The President's Club: Inside the World's Most Exclusive Fraternity, by Nancy Gibbs and Michael Duffy (Simon and Schuster). Politics is pretty partisan now; heck, I think we can assume is always pretty partisan, but there is apparantly one group of people who put aside differences to work together, and that is ex-presidents. Gibbs (an executive editor at Time) and Duffy (a journalism professor at Princeton) come together to document the history of this "hidden instrument of power that changed the course of history. Read more in David Greenberg's Washington Post review.

Season of the Witch: Enchantment, Terror and Deliverance in the City of Love, by David Talbot (Free Press).  We all romanticize the past, right? And what could be dreamier than imagining San Francisco in the summer of love? And now San Francisco is a showplace for American ingenuity, arts, and wealth. But we all forget the middle years, when SF was"rocked by savage murder sprees, mysterious terror campaigns, political assassinations, street riots, and finally a terrifying sexual epidemic." No wonder all my friends escaping their dreary lives reset their compasses for Seattle. Don Lattin in the San Francisco Chronicle found Season of the Witch "hard to put down," despite finding the third section on the city's rebirth not up to the level of parts one "enchantment" and two "terror." Was it really the San Francisco 49ers that led the city out of its mess? If so, I guess we have to give the Bucks a new stadium, after all.

The Admirals: Nimitz, Halsey, Leahy, and King--The Five-Star Admirals Who Won the War at Sea, by Walter Borneman (Little, Brown). There have only been four five-star admirals: William Leahy, Ernest King, Chester Nimitz, and William Halsey. Borneman, who has penned a number of histories including 1812: The War That Forged a Nation, weaves together these four stories to create a narrative of World War II triumph. Yes, they all served at the same time. According to the Wall Street Journal review from Andrew Roberts, Borneman's most controversial decision is to highlight the tactical gaffes of "Bull" Halsey, who simply doesn't compare to the other three. You can decide for yourself.

The Accidental City: Improvising New Orleans, by Lawrence N. Powell (Harvard University Press). I've been thinking a lot about New Orleans this year. First booksellers were focused there, as it was the setting for this past winter's bookseller conference. And then it was the largest city to date to lose daily printing of its newspaper, The Times Picayune. Jonathan Yardley in the Washington Post proclaims that Powell, a history professor at Tulane, has surely written the definitive history of New Orleans's first century.

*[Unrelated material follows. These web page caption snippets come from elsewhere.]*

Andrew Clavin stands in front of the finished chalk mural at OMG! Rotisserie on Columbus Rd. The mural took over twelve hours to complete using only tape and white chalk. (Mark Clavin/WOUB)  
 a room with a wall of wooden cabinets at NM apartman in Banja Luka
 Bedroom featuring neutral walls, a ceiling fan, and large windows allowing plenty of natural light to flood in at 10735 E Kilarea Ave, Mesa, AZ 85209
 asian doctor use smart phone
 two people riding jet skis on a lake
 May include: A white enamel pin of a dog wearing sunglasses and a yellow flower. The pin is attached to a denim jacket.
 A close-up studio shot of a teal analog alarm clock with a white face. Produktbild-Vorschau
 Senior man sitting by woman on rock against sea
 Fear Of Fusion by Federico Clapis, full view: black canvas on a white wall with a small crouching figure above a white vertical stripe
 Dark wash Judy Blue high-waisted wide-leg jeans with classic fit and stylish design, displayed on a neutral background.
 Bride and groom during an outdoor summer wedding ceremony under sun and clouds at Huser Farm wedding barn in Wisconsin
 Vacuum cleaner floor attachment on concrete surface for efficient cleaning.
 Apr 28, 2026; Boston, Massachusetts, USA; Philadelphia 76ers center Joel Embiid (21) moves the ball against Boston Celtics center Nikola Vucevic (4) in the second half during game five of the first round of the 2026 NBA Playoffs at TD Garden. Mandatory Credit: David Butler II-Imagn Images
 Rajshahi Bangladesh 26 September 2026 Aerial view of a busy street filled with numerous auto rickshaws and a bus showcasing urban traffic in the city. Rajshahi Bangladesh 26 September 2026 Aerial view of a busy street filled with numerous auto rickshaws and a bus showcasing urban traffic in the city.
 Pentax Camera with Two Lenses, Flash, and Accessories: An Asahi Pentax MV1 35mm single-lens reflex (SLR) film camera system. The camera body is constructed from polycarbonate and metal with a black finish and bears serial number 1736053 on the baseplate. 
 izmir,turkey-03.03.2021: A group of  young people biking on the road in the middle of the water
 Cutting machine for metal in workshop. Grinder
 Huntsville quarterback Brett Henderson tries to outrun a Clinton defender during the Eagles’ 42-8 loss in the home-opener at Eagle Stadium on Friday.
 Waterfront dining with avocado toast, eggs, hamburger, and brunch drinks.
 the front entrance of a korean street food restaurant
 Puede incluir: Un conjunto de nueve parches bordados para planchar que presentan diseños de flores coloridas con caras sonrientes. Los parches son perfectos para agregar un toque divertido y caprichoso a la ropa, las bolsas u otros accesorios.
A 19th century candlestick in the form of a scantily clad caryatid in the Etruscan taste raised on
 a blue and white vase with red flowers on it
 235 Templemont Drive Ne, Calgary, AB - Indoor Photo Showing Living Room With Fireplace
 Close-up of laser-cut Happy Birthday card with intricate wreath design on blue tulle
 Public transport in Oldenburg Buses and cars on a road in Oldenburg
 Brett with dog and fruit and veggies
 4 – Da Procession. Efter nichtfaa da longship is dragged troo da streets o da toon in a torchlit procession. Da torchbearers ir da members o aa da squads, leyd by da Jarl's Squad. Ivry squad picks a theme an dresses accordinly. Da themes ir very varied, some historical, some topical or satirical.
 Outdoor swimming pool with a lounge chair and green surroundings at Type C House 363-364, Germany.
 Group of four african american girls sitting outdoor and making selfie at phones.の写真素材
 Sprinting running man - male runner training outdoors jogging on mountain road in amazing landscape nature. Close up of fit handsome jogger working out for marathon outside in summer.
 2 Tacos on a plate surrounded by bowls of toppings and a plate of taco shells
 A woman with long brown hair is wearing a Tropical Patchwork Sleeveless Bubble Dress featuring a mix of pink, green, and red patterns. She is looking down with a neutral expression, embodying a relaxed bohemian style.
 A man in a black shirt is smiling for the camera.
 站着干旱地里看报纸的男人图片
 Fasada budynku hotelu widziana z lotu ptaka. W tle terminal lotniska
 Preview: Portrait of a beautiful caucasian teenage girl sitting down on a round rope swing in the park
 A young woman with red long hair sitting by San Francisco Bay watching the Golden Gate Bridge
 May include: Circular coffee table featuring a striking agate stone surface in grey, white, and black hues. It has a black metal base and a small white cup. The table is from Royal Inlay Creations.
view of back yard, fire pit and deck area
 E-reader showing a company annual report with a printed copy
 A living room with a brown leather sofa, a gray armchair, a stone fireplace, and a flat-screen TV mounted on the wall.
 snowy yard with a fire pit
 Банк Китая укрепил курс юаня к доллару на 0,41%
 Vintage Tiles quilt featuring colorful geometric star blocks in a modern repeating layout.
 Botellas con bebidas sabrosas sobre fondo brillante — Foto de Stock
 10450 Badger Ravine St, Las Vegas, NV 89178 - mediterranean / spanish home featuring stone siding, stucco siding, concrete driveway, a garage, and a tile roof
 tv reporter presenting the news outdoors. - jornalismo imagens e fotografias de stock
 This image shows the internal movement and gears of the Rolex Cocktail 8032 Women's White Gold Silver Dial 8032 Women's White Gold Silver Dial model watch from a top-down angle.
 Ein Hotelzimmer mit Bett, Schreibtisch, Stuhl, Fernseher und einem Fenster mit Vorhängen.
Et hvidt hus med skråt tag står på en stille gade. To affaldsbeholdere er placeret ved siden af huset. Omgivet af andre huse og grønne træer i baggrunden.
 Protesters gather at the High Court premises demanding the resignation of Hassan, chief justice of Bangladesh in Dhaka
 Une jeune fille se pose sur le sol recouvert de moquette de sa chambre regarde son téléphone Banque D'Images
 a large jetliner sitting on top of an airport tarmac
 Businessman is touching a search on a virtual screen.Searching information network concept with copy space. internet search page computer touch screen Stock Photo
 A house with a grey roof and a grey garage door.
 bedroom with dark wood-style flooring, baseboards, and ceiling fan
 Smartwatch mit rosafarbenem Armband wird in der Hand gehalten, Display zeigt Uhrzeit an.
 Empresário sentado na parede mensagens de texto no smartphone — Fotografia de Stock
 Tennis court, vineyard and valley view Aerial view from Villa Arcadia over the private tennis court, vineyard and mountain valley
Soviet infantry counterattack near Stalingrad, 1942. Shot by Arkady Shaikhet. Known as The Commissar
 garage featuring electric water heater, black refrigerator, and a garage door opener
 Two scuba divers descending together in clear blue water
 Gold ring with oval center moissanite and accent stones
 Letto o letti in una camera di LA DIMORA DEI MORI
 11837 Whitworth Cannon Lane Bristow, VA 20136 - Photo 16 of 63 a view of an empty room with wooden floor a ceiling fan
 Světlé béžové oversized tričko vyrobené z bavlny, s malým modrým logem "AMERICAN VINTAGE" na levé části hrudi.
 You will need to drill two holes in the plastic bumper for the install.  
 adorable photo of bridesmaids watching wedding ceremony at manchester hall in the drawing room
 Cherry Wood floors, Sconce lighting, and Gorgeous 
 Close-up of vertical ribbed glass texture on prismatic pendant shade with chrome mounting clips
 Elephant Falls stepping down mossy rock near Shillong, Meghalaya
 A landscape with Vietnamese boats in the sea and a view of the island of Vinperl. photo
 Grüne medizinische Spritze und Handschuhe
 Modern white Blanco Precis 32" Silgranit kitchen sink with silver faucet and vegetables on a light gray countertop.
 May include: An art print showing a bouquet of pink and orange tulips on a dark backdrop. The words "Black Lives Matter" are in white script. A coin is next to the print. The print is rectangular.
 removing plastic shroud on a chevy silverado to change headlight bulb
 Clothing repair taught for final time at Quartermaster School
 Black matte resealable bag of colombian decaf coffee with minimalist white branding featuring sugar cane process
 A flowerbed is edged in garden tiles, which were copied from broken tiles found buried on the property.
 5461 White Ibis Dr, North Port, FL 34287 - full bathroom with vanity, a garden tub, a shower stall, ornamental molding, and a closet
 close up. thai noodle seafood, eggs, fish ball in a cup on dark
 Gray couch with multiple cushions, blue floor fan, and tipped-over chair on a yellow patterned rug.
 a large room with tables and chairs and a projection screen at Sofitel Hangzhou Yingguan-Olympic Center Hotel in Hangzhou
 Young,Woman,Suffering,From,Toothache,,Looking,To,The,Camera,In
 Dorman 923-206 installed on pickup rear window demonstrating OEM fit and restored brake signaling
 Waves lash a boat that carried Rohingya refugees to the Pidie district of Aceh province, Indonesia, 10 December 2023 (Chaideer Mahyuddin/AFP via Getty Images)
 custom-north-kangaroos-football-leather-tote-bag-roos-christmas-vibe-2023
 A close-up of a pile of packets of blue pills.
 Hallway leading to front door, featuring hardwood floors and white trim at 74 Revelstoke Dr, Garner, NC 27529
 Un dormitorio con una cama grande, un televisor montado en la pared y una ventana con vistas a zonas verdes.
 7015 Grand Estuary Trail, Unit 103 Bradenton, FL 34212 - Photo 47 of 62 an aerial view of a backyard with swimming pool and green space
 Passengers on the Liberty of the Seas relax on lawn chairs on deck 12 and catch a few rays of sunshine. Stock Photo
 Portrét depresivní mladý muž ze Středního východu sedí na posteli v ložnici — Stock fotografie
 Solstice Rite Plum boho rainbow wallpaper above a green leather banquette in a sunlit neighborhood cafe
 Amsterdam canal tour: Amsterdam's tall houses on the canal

But that said, I didn't pay much attention to Powell's book when it came out. Reading history books almost never occurs to me. There are hardly any events. There are pretty much never any advance reading copies. And I know that it will take three times as long to read one as it will many other books. But here's the saddest thing--even if I do read it and love it, the customer purchases will still be driven more by subject matter, national reviews, and author interviews. I can sell the book almost better by being a knowledgeable bookseller than by reading the book. If you come to me and ask for a history of San Francisco, I can try to sell you The Accidental City, but no matter how much better it is, you'll take Season of the Witch instead (and note, I'm not saying one is better here.)

But that's not totally true. Conrad almost always has a Native American history on his rec shelf, and they almost always sell well. And then there is one about Robert Gray of Fresh Eyes Now, who in his years of Northshire who in his years at Northshire noted to me they had hand-sold 400 copies of Washington's Crossing. And let me just say that this was multiples more than the five Schwartz bookshops had sold. So hand-selling history can happen. You just need the right bookseller and the right book...and a lot of foot traffic.